The records below are to be written out exactly, with every picture omitted.

- Opening Delimiter -

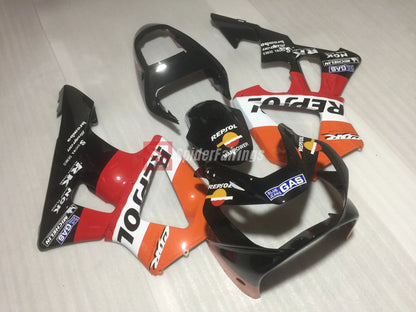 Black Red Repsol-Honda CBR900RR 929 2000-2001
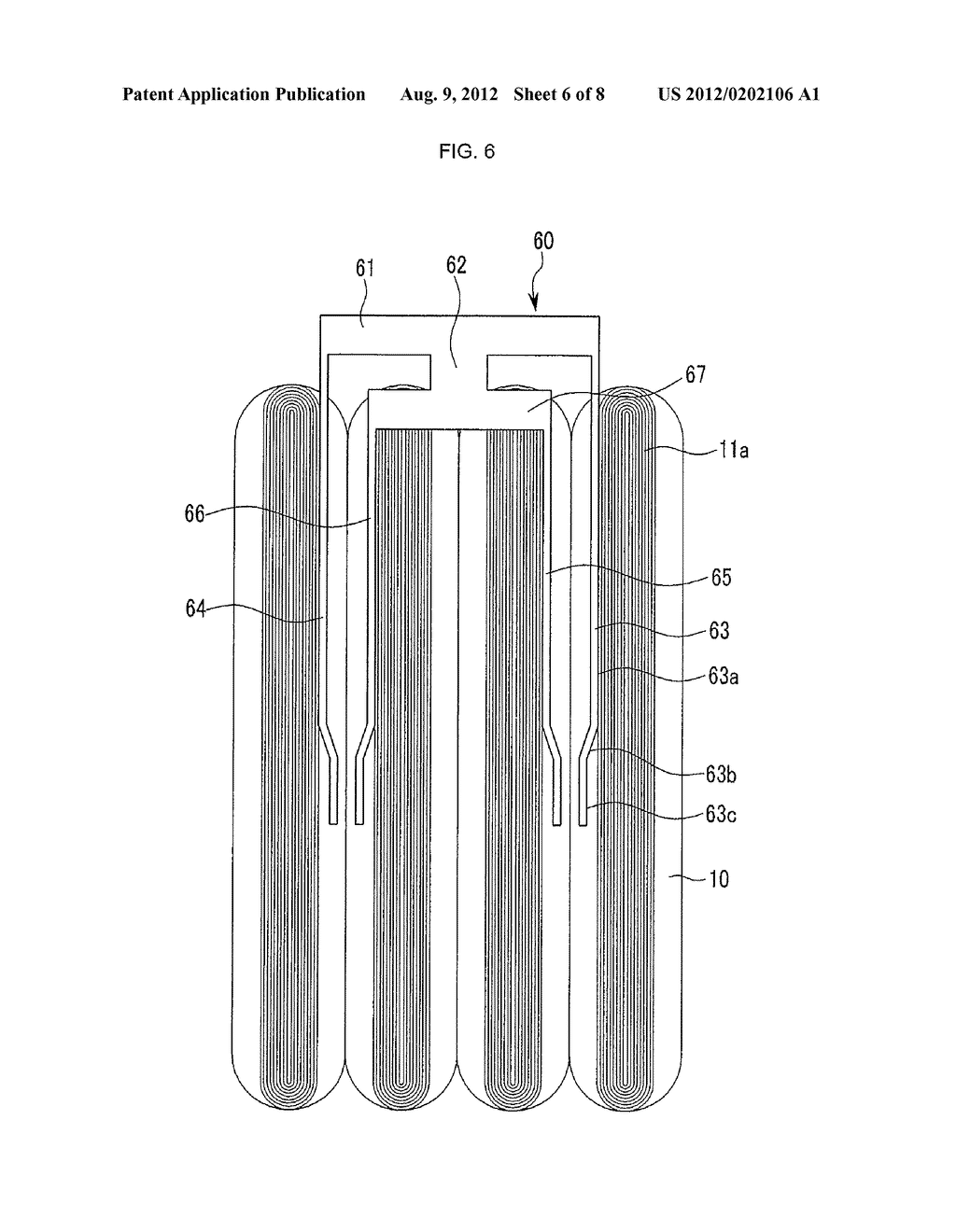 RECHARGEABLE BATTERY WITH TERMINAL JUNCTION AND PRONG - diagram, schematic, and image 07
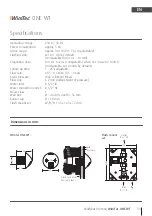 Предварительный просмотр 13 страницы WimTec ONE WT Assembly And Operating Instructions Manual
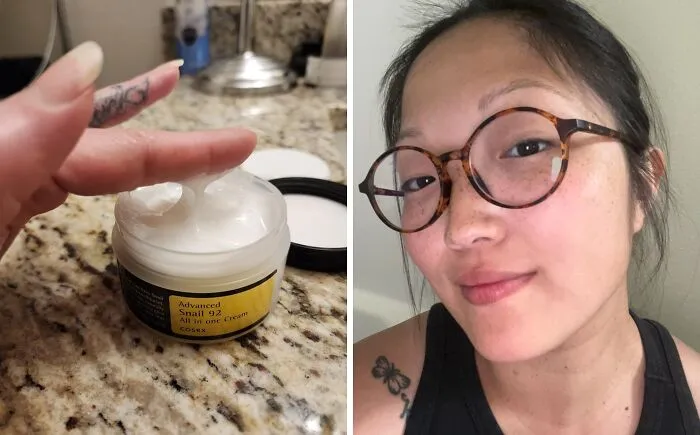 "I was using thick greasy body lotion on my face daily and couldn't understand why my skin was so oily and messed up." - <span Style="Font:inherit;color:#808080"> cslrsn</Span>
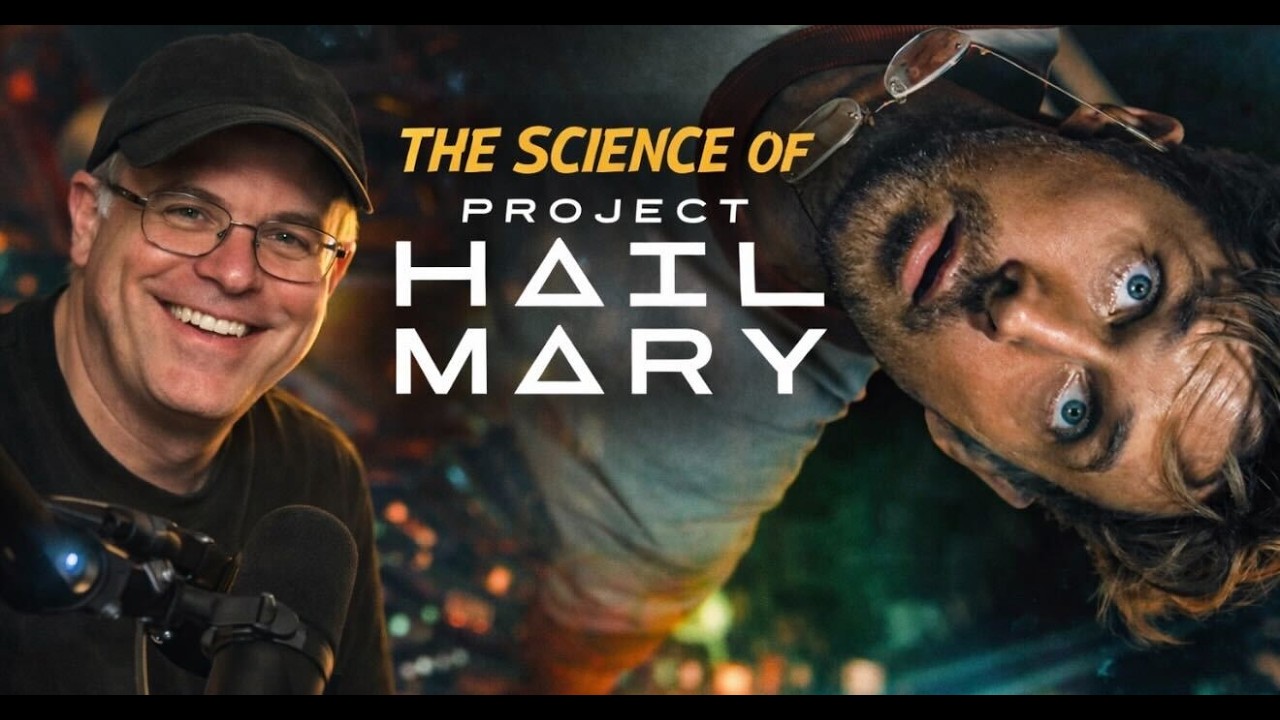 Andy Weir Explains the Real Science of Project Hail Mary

- Closing Delimiter -

Exercise result ::
 Black Red Repsol-Honda CBR900RR 929 2000-2001
 RECHARGEABLE BATTERY WITH TERMINAL JUNCTION AND PRONG - diagram, schematic, and image 07
 Предварительный просмотр 13 страницы WimTec ONE WT Assembly And Operating Instructions Manual
 "I was using thick greasy body lotion on my face daily and couldn't understand why my skin was so oily and messed up." - <span Style="Font:inherit;color:#808080"> cslrsn</Span>
 Andy Weir Explains the Real Science of Project Hail Mary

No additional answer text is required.